NVIDIA menjadi rekan terbaru dari organisasi esports Brasil, Neverest, untuk menjalankan program edukasi mereka, Neverest Hub. Dengan ini, NVIDIA akan bisa mempromosikan Reflex, teknologi terbaru NVIDIA yang fokus pada performa competitive gaming, di Neverest Hub. Saat ini, Neverest Hub fokus pada game Counter-Strike: Global Offensive. Namun, kerja sama NVIDIA dengan Neverest juga mencakup tim di game-game lain.

“Keputusan NVIDIA ini membantu kami untuk memecahkan salah satu masalah yang paling sering dihadapi oleh para gamers, yaitu ketiadaan dukungan untuk mencari tahu cara memberikan performa terbaik dari peralatan yang mereka punya,” kata CEO Neverest, Camilo Martins pada The Esports Observer. “Kami senang karena sekarang, kami akan bisa menjangkau lebih banyak gamers berkat bantuan salah satu perusahaan game paling inovatif di dunia.”

Singapura Jadi Tuan Rumah dari Global Esports Games 2021

Global Esports Federation mengungkap tiga kota yang akan menjadi tuan rumah dari Global Esports Games dalam dua tahun ke depan. Ketiga kota itu adalah Singapura untuk 2021, Istanbul untuk 2022, dan Riyadh untuk 2023. Global Esports Games merupakan kegiatan yang diadakan setiap tahun pada Desember. Acara itu akan mempertemukan kompetisi esports dengan musik dan hiburan. GEG akan mengadu tim-tim esports dari berbagai game esports.

Global Esports Games mengumumkan tiga kota yang akan menjadi tuan rumah dalam tiga tahun.

“Global Esports Games pertama akan diadakan pada Desember tahun ini. Event tersebut merupakan kesempatan untuk menampilkan esports ke dunia,” kata Presiden Singapore Esports Association (SGEA), Ng Chong Geng, seperti dikutip dari Antara. “Kami bersyukur mendapat kesempatan untuk menjadi tuan rumah dari acara penting ini.”

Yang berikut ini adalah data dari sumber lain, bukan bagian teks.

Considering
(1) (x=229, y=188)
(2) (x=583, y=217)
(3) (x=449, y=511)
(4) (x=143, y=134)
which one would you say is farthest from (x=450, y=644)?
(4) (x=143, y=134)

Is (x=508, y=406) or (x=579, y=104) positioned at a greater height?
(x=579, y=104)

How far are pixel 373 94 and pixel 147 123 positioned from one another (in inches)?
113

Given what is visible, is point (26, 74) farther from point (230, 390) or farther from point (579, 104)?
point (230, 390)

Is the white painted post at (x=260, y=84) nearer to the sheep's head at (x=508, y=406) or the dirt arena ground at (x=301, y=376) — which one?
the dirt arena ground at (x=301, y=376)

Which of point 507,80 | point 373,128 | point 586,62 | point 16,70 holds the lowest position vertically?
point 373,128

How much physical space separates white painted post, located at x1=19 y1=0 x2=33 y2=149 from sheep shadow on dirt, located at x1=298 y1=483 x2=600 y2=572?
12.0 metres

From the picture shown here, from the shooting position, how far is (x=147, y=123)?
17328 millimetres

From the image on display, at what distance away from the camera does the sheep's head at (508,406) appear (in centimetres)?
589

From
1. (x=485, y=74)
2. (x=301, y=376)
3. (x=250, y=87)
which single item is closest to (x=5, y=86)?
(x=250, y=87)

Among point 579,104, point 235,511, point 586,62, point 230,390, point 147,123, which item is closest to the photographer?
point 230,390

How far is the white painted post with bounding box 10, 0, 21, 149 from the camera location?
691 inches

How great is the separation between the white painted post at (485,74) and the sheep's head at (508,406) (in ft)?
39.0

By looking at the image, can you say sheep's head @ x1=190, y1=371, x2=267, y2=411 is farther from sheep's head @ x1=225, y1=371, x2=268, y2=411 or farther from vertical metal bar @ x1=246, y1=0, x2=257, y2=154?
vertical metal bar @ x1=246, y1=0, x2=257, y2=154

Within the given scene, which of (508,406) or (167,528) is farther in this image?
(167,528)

Platform Legionfarm Dapatkan Investasi US$6 Juta

Legionfarm, platform gaming yang memungkinkan gamers amatir bermain dengan pemain profesional, menyebutkan bahwa mereka telah mendapatkan pendanaan Seri A sebesar US$6 juta. Beberapa investor yang ikut menanamkan investasi pada Legionfarm adalah SVB, Y Combinator, Scrum VC, Kevin Lin, Altair Capital, Ankur Nagpal, dan lain sebagainya. Pada awal tahun lalu, Legionfarm meluncurkan Y Combinator. Fitur itu memungkinkan pemain profesional untuk mendapatkan pemasukan ekstra dengan menjadi pelatih dari pemain amatir yang ingin meningkatkan performa gaming mereka, lapor TechCrunch.

Kategori Olahraga Tradisional Semakin Populer di Twitch

Kategori olahraga di Twitch tumbuh dengan pesat sejak ia diluncurkan pada Juli 2020. Menurut data dari Rainmaker.gg, total hours watched dari kategori olahraga di Twitch telah menembus 11 juta jam pada April 2021.

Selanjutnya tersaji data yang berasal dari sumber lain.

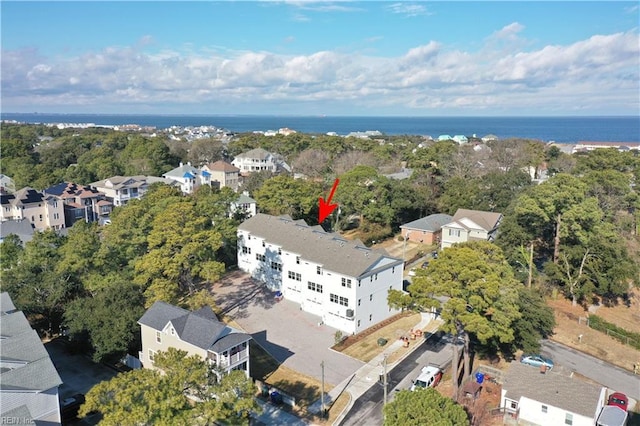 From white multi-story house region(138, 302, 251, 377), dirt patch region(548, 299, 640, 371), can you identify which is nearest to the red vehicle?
dirt patch region(548, 299, 640, 371)

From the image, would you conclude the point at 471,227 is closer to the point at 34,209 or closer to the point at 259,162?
the point at 259,162

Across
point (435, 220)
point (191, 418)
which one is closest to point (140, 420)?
point (191, 418)

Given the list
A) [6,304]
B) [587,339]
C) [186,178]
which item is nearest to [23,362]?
[6,304]

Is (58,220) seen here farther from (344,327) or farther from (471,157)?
(471,157)

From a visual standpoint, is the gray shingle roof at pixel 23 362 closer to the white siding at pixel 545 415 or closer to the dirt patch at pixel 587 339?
the white siding at pixel 545 415

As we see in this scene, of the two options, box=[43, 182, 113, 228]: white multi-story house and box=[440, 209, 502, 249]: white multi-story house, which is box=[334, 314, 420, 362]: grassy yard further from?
box=[43, 182, 113, 228]: white multi-story house

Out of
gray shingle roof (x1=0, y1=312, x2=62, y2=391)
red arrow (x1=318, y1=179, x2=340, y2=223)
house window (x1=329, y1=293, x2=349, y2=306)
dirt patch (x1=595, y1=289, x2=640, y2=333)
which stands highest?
red arrow (x1=318, y1=179, x2=340, y2=223) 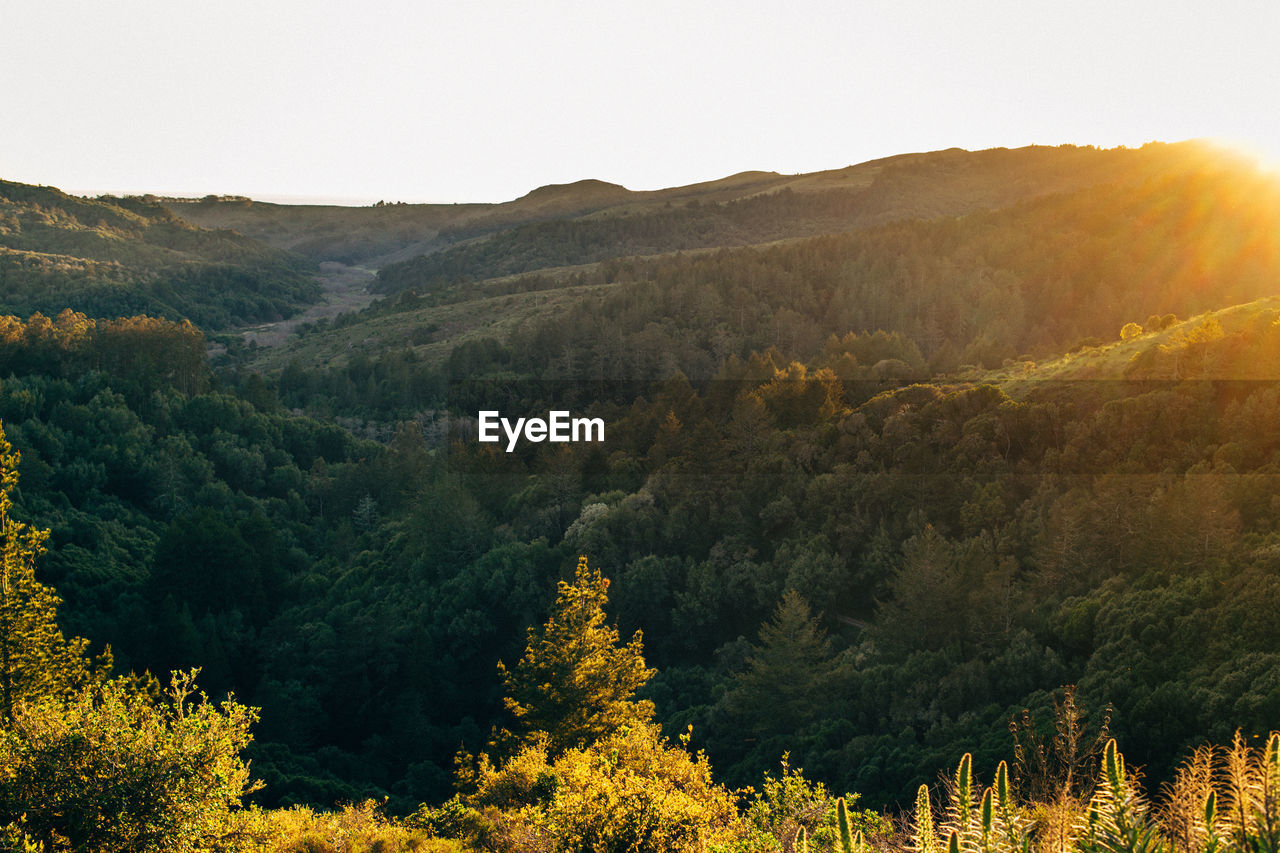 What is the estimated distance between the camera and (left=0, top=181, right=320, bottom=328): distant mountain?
117750 millimetres

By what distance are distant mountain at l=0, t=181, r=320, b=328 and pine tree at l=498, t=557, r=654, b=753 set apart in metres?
93.4

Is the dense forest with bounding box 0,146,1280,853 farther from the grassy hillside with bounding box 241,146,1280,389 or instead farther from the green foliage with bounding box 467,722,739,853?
the grassy hillside with bounding box 241,146,1280,389

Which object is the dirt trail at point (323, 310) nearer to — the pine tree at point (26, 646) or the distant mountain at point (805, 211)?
the distant mountain at point (805, 211)

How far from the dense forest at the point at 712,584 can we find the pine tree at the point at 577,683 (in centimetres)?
11

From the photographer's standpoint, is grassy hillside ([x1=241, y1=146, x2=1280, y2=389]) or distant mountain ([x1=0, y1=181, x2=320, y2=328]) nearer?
grassy hillside ([x1=241, y1=146, x2=1280, y2=389])

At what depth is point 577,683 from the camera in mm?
26406

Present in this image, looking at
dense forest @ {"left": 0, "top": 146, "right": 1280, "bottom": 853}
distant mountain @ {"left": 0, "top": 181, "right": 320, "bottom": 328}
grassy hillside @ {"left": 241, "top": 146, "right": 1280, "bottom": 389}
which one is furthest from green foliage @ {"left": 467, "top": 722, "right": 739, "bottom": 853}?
distant mountain @ {"left": 0, "top": 181, "right": 320, "bottom": 328}

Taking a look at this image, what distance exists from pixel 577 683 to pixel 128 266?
144 metres

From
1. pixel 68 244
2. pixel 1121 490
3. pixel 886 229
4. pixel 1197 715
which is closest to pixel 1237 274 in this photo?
pixel 886 229

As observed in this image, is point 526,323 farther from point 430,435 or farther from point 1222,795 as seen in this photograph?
point 1222,795

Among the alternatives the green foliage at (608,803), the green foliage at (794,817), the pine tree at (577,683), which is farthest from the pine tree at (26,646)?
the green foliage at (794,817)

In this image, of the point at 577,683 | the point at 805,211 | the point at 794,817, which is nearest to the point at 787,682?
the point at 577,683

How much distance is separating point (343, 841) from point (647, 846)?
6658 mm

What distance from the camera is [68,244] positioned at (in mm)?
142125
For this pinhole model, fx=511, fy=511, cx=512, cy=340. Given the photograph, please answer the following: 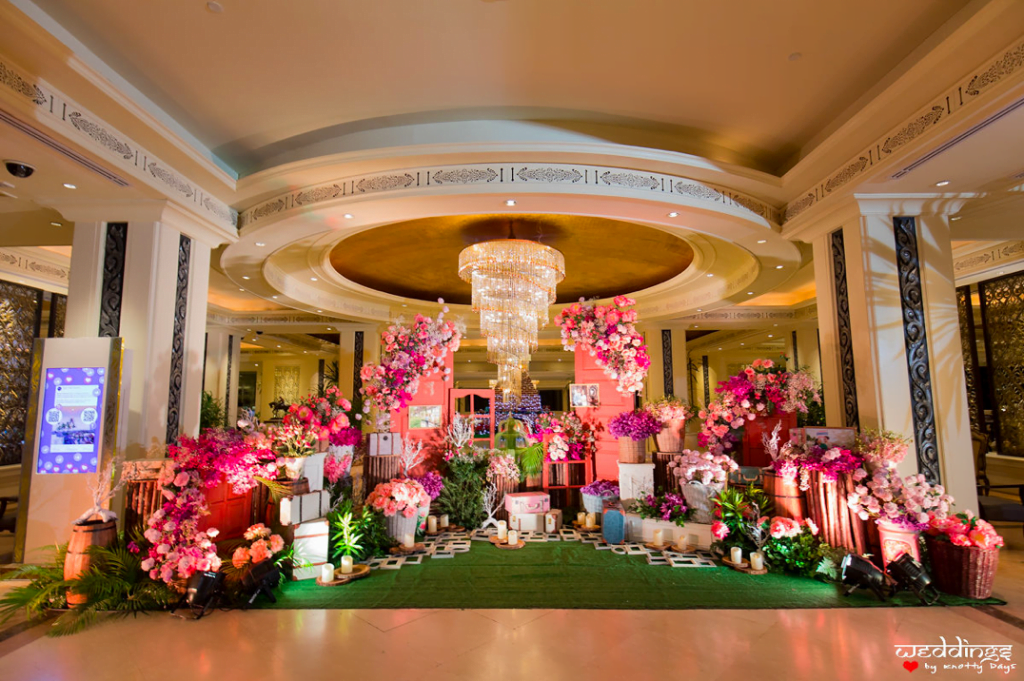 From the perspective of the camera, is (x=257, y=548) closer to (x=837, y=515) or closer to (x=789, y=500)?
(x=789, y=500)

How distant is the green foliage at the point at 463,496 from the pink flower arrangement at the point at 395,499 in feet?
2.84

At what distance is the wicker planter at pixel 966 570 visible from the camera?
3.94 metres

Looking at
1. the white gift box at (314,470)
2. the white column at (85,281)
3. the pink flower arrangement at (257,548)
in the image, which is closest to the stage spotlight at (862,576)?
the pink flower arrangement at (257,548)

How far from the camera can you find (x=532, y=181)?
481cm

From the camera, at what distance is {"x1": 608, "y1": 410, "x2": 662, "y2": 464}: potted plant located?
21.4 ft

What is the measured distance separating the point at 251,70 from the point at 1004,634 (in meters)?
6.61

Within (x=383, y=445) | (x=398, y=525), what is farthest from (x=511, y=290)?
(x=398, y=525)

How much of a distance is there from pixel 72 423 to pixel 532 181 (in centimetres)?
485

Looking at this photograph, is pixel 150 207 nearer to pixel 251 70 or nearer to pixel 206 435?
pixel 251 70

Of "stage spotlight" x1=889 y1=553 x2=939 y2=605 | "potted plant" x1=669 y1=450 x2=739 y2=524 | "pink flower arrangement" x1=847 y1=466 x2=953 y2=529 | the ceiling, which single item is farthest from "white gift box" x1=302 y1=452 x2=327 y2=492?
"stage spotlight" x1=889 y1=553 x2=939 y2=605

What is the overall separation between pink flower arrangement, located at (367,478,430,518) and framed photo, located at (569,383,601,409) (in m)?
3.40

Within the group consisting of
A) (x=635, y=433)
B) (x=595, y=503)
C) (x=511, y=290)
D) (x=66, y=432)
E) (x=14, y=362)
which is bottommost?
(x=595, y=503)

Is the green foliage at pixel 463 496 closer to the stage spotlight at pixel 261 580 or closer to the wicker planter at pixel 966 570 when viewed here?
the stage spotlight at pixel 261 580

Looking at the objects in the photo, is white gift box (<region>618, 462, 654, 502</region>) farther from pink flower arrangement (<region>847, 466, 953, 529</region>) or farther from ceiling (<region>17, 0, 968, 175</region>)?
ceiling (<region>17, 0, 968, 175</region>)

“Twitch mulai menjajaki konten olahraga sejak 2017. Namun, pada Juli tahun lalu, mereka memperkenalkan TwitchSports untuk menyediakan wadah bagi konten olahraga,” kata pendiri StreamElements, Doron Nir, seperti dikutip dari VentureBeat, “Kategori Sports di Twitch telah mengalami pertumbuhan yang cukup pesat dalam 10 bulan terakhir. Pada awalnya, total hours watched kategori itu hanya mencapai 1 juta jam dan sekarang, angka itu naik ke lebih dari 10 juta jam.”